Economic schools of thought are divided on the subject, though the literature and lore is abundant.

In a recent post to The Drum, the Australian Broadcasting Corporation’s online screed-fest, editorialist Greg Jerhico writes, “After such a long time without a recession, no treasurer would wish to be the one to preside over such an event. For (Australian Finance Minister) Joe Hockey, the path away from recession lies with his hope that the budget measures for small businesses will enliven investment in the non-mining sector. And given the current poor state of investment in that sector, his measures will need to work.”

Adds Mr. Jerhico: “Economists love to call recessions. The standard joke about economists and recessions is the one made by (the late American economist) Paul Samuelson that some economists have predicted nine out of the last five recessions. . .Australia has not had a recession since June 1991, which was the last time there were two consecutive quarters of negative GDP growth in seasonally adjusted terms.

“Of course, such a definition is utterly stupid, and really should be thrown out as soon as possible. Any definition where an economy could shrink by 0.5 per cent in one quarter, rise by 0.1 per cent in the next, and then shrink by 0.6 per cent the quarter after and not be in a recession is complete lunacy.”

If this doesn’t sound familiar, it should. According to a Globe and Mail piece, headlined “Economy’s dip stokes recession fears”, last week, “The latest reading of Canada’s economic health suggests the economy’s oil-induced coma extended into the second quarter, renewing fears of a mild recession and casting doubt about the country’s capacity to recover from the severe oil price slump.

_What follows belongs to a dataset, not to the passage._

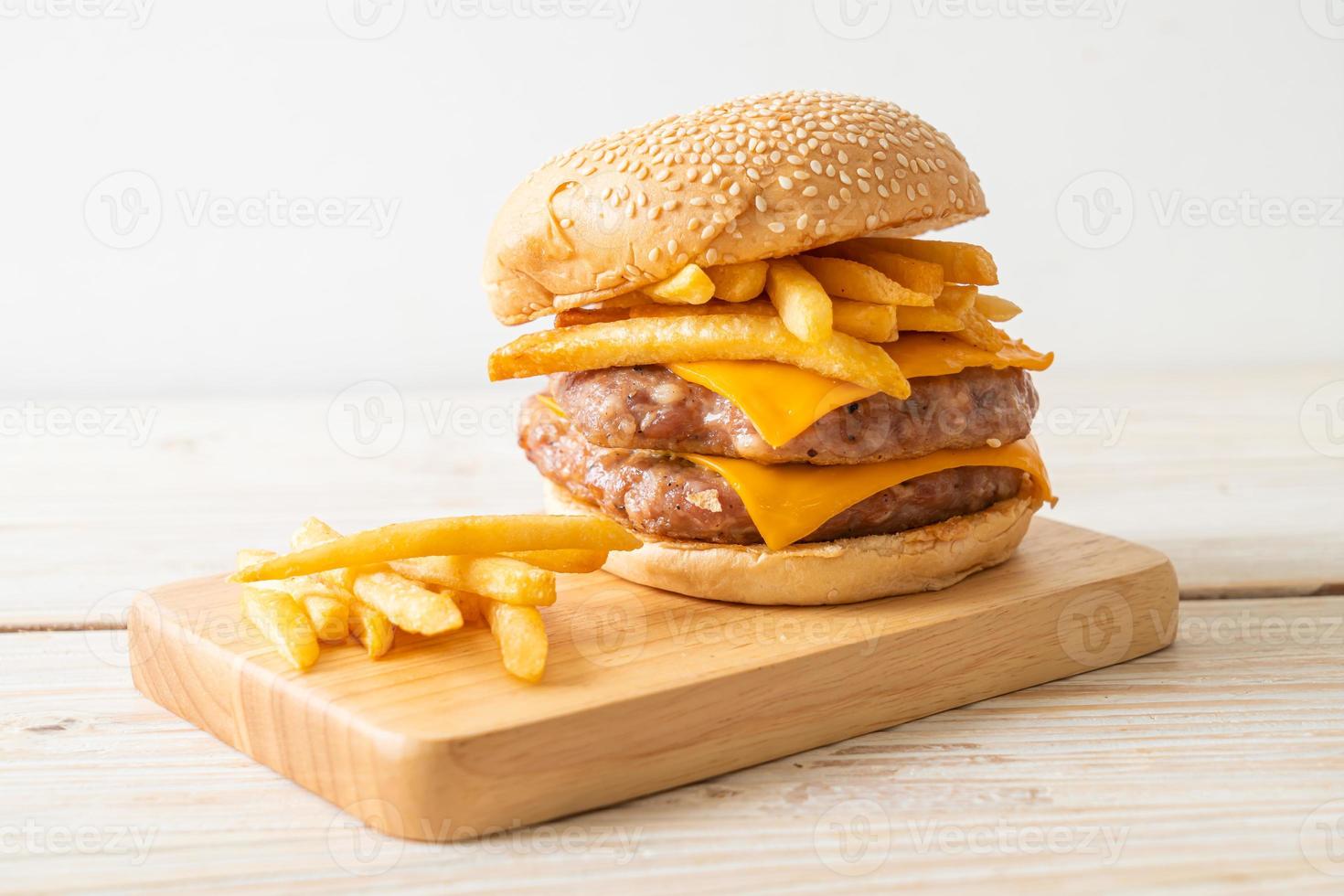 hambúrguer de paork ou hambúrguer de porco com queijo e batatas fritas foto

Statistics Canada reported Tuesday that real gross domestic product (i.e. adjusted for inflation) shrank by 0.1 per cent in April from March. The economy was hit by a 3.4-per-cent drop in oil and gas extraction – the sharpest one-month drop in nearly four years, adding to declines in March.”

Australia is the southern hemisphere’s Canada; both are great, global lodestones of natural resources.

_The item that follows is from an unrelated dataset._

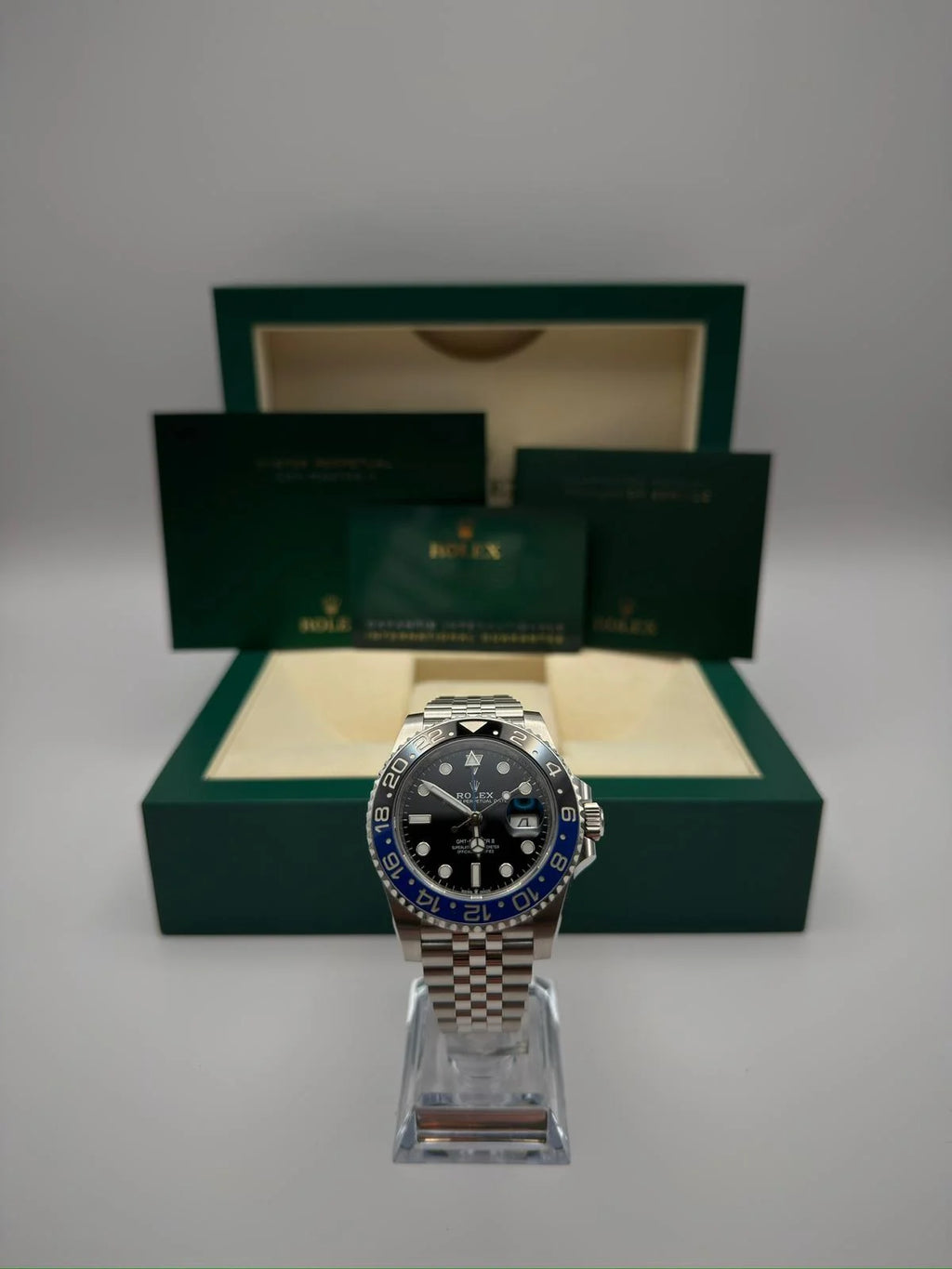 GMT Master II Batgirl Full Set partially stickered 2019 - 126710BLNR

The Aussies have their extraordinary reserves of precious metals, rare-earth minerals, iron ore, coal; whereas, we Canucks can dine out on the fact that we are the largest exporter of unrefined petroleum products in the western world.

But a funny thing happened to both nations on their way to their respective commodity markets: The stalls were closed.

Now, Canadian and Australian pundits are concurrently convinced that recession is, again, a virtual certainty in both nations. Although they are separated by about 12,000 kilometres of ocean, they still share practically every doomsday instinct that is the common weal of two peoples forged by Anglo-Saxon principles of crime, punishment and – not for nothing – blowing the biggest of free lunches geology and history ever displayed before man.

Do we extract natural resources and denude the good earth solely for private pillage, or do we leverage our talent for plunder to obtain better, more efficacious, ends? What safe, reliable, environmentally benign technologies can we invent – from the wealth we extract from the ground – that will preserve and protect the biosphere on which billions of species depend, including our own?

This is the dialectic our times, of our condition. The answer is either our progression or our final recession into oblivion.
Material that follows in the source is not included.